TASK = Lines containing the word "copy" are to be copied from the data below.

Top of RECORDED DATA

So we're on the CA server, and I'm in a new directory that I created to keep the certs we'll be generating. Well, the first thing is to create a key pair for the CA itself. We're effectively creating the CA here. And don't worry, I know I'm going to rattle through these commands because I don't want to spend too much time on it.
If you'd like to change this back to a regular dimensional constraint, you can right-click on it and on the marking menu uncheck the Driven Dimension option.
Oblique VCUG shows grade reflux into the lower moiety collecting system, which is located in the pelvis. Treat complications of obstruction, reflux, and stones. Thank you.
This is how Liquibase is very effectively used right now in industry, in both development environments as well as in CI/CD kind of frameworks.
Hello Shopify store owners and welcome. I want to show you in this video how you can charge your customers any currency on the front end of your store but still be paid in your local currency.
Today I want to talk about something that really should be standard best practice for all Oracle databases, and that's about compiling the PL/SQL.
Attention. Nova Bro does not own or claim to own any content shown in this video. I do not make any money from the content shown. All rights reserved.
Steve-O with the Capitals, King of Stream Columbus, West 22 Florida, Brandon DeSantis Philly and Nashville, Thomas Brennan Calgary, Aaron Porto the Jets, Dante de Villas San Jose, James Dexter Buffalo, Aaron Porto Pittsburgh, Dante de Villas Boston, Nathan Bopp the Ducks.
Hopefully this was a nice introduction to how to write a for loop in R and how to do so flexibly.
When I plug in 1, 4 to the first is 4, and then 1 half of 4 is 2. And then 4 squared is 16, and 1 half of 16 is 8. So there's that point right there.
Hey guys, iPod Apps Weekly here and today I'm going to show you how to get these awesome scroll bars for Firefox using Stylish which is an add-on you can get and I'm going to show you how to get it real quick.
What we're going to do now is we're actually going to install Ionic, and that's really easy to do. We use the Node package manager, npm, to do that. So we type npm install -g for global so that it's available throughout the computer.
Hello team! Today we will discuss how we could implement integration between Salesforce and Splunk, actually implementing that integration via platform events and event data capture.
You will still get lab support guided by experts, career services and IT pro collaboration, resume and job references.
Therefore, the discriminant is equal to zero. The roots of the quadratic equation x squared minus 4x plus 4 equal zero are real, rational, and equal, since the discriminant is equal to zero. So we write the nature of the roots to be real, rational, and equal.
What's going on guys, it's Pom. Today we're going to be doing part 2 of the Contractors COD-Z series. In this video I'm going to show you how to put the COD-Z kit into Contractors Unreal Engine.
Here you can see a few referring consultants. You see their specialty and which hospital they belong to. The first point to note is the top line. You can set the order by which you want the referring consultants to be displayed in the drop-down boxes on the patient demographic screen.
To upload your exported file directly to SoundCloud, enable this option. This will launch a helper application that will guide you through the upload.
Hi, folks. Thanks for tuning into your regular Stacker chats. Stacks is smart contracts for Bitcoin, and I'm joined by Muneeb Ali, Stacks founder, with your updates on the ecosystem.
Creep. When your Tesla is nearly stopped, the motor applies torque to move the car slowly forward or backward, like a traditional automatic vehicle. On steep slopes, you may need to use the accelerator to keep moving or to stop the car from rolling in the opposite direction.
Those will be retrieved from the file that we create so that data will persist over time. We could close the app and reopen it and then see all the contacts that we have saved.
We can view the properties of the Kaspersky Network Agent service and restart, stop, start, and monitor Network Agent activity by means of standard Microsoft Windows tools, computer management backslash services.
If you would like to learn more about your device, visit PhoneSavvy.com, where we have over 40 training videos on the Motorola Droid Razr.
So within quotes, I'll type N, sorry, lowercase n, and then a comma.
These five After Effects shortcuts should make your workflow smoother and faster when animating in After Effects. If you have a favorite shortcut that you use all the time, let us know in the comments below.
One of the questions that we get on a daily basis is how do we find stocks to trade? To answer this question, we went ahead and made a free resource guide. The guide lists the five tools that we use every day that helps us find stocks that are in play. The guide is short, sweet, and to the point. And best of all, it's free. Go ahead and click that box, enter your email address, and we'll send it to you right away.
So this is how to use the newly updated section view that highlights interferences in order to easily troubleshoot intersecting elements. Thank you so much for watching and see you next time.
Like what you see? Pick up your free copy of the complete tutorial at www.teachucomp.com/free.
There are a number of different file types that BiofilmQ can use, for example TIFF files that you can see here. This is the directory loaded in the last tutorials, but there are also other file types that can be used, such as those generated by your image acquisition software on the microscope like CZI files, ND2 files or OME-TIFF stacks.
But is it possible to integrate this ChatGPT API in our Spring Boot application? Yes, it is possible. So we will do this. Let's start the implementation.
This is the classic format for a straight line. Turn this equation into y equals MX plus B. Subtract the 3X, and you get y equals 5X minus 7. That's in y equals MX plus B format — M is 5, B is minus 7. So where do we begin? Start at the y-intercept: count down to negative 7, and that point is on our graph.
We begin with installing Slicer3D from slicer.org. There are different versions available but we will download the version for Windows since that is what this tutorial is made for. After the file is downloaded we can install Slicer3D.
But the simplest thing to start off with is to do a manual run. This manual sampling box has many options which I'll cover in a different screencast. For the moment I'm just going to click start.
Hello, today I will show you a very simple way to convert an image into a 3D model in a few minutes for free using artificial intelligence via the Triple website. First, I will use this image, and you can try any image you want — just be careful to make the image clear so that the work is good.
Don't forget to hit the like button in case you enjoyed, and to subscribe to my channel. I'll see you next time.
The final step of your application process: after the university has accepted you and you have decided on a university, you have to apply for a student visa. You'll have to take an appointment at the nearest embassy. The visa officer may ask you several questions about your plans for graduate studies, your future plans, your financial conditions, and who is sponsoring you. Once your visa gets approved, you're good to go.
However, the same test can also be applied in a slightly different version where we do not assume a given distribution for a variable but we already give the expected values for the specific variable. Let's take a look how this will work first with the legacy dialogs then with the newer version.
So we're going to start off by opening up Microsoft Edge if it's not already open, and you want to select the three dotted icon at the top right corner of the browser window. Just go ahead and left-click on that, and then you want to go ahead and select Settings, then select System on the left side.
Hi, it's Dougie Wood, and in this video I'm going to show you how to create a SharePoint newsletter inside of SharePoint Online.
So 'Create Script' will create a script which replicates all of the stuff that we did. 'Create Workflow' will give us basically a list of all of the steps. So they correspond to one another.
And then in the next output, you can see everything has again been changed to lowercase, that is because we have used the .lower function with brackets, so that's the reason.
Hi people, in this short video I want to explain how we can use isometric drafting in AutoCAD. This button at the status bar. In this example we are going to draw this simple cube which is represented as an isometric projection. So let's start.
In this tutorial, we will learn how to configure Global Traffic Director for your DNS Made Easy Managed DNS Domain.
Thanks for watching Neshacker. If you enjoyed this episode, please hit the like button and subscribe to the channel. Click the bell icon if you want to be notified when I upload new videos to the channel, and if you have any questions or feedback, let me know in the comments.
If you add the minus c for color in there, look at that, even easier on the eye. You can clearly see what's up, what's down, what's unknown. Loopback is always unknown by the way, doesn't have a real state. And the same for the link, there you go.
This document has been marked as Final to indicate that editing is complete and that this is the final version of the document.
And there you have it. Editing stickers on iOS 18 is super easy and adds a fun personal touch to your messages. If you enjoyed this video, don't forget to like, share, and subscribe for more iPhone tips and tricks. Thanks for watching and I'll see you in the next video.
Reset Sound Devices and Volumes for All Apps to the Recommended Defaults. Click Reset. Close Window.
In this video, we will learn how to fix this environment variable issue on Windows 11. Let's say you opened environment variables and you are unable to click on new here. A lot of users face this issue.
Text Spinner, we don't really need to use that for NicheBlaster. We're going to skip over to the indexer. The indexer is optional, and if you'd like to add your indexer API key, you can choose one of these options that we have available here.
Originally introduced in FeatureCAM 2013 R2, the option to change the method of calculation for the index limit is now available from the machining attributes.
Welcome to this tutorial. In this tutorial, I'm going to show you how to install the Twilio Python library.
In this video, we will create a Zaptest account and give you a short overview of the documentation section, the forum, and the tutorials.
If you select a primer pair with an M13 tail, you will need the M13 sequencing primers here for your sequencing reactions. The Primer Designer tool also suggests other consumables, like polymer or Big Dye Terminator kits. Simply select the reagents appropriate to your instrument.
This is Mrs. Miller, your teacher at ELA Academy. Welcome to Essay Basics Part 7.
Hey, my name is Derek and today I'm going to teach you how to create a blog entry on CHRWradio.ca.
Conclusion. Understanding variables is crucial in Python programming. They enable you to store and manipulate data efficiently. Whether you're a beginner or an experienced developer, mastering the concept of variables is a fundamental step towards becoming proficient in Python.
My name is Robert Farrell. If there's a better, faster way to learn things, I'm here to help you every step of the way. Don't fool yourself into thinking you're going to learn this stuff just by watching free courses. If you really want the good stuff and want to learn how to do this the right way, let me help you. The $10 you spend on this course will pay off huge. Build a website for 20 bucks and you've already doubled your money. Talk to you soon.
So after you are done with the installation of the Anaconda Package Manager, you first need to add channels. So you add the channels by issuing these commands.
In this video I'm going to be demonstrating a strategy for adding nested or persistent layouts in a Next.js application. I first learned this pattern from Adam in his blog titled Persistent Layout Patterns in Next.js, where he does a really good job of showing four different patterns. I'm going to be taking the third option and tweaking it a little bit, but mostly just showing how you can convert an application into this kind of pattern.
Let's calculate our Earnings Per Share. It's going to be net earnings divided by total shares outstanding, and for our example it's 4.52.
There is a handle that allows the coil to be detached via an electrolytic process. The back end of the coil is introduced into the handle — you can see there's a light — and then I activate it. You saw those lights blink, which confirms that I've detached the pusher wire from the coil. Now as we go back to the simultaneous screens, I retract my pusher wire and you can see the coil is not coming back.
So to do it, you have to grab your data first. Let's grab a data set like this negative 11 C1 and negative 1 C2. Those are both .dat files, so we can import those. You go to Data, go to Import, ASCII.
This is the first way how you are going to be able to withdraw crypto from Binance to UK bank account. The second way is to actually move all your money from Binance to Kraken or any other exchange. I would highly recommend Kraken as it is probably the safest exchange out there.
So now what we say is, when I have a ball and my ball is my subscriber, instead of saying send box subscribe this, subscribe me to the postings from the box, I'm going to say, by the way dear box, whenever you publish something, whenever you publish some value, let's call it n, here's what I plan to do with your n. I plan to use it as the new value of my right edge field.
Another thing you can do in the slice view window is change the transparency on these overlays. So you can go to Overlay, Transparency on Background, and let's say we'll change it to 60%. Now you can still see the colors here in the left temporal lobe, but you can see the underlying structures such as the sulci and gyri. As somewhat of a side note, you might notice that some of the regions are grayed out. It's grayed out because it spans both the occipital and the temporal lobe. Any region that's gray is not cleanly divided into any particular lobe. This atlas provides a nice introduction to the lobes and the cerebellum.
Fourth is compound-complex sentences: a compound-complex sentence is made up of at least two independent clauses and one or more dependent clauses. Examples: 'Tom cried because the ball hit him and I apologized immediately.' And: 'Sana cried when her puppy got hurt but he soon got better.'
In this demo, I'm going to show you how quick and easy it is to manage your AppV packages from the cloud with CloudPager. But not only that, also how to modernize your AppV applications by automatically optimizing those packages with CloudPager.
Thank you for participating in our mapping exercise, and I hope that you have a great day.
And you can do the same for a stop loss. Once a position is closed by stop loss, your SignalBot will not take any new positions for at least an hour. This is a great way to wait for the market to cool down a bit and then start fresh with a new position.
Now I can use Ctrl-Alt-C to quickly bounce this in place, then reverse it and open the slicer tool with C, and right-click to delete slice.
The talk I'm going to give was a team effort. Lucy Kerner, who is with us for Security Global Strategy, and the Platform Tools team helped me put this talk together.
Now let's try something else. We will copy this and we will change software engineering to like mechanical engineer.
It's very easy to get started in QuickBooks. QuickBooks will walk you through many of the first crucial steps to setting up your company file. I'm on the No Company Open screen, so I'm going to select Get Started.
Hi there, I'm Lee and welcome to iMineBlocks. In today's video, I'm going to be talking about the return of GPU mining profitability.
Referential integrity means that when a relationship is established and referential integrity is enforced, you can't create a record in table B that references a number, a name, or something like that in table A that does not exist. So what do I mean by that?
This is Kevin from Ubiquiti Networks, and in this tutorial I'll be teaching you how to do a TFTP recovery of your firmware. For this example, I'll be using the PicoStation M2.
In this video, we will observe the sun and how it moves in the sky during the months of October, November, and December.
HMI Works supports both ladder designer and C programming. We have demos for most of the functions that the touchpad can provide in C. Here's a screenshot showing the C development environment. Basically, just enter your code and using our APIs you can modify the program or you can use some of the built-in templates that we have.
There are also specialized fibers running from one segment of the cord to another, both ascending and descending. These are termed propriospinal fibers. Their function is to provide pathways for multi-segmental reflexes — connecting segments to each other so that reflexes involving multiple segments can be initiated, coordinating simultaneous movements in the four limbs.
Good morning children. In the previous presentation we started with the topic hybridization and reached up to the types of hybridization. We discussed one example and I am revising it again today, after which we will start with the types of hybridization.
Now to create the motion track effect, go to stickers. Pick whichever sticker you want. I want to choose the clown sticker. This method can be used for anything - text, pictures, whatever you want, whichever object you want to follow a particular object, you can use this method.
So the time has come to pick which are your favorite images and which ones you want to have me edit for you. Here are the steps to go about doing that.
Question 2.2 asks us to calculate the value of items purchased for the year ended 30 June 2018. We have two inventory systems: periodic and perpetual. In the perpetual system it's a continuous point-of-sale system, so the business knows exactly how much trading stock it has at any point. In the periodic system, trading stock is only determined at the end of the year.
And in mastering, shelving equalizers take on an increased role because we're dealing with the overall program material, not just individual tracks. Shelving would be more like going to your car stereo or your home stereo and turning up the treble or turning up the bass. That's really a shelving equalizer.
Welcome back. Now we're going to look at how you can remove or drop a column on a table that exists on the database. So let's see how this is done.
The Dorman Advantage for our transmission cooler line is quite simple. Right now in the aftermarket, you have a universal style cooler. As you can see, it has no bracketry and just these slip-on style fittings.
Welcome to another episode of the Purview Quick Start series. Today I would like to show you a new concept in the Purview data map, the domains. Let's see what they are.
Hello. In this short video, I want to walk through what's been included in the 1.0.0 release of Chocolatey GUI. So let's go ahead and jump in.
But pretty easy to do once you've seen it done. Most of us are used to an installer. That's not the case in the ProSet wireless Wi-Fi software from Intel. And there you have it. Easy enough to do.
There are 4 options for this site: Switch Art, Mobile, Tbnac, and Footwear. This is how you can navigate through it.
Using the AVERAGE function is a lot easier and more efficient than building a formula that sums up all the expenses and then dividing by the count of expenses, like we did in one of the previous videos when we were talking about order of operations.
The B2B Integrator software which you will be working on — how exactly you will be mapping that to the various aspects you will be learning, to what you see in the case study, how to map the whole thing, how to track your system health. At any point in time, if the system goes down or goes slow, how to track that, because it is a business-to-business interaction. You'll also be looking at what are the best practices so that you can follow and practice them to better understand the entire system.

Bottom of RECORDED DATA

PROBLEM SOLUTION =
Like what you see? Pick up your free copy of the complete tutorial at www.teachucomp.com/free.
Now let's try something else. We will copy this and we will change software engineering to like mechanical engineer.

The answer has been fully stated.